When he first stepped into office, Biden revealed a list of “immediate priorities” for his administration. Included in the list is delivering “criminal justice reform” racial equity, which is also a pledge supported by progressive politicians like Bush and even a lot of Republicans. However, the president distanced himself from his original plan in March to establish a national police oversight commission. In its place, he threw his weight behind the George Floyd Justice in Policing Act. The said legislation managed to pass the House of Representatives even without support from the Republican Party. However, it did not advance in the Senate. With this, Democrats stopped negotiations without a deal back in September.

Additionally, during his first year in office, the president “barely mentioned” the cash bail system, according to PolitiFact, even though he promised to end what he called “modern-day debtors” while he was on his campaign trail. Also, he has not taken steps to carry out his promises of decriminalizing marijuana at a federal scale.
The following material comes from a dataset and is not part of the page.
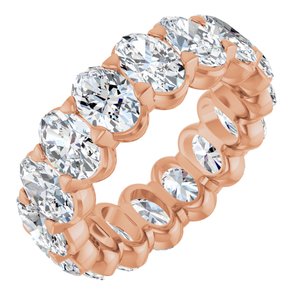 14K Rose Gold 6 3/8 CTW Lab-Grown Diamond Eternity Band Size 5.5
Biden also mentioned another significant priority during his campaign, which is “quickly to contain the COVID-19 crisis by expanding testing” and “safely reopening schools and businesses.” Many have slammed the president for the way he’s handling the pandemic as the omicron variant spread across the nation and closed schools in a lot of Democratic-led cities while many also wait hours in queues just to get a COVID test.

Last week, the White House has announced that 500 million rapid tests that people can do at home would be available to order online starting Wednesday for free. However, one household can only get four tests from a government website that is already riddled with problems. On top of this, shipping via the U.S. Postal Service would take 7-12 days.

The current administration also plans to distribute 400 million N95 masks for free, which will be coming from the Strategic National Stockpile. These will be distributed through pharmacies and community sites nationwide, per a White House official who confirmed this on Wednesday.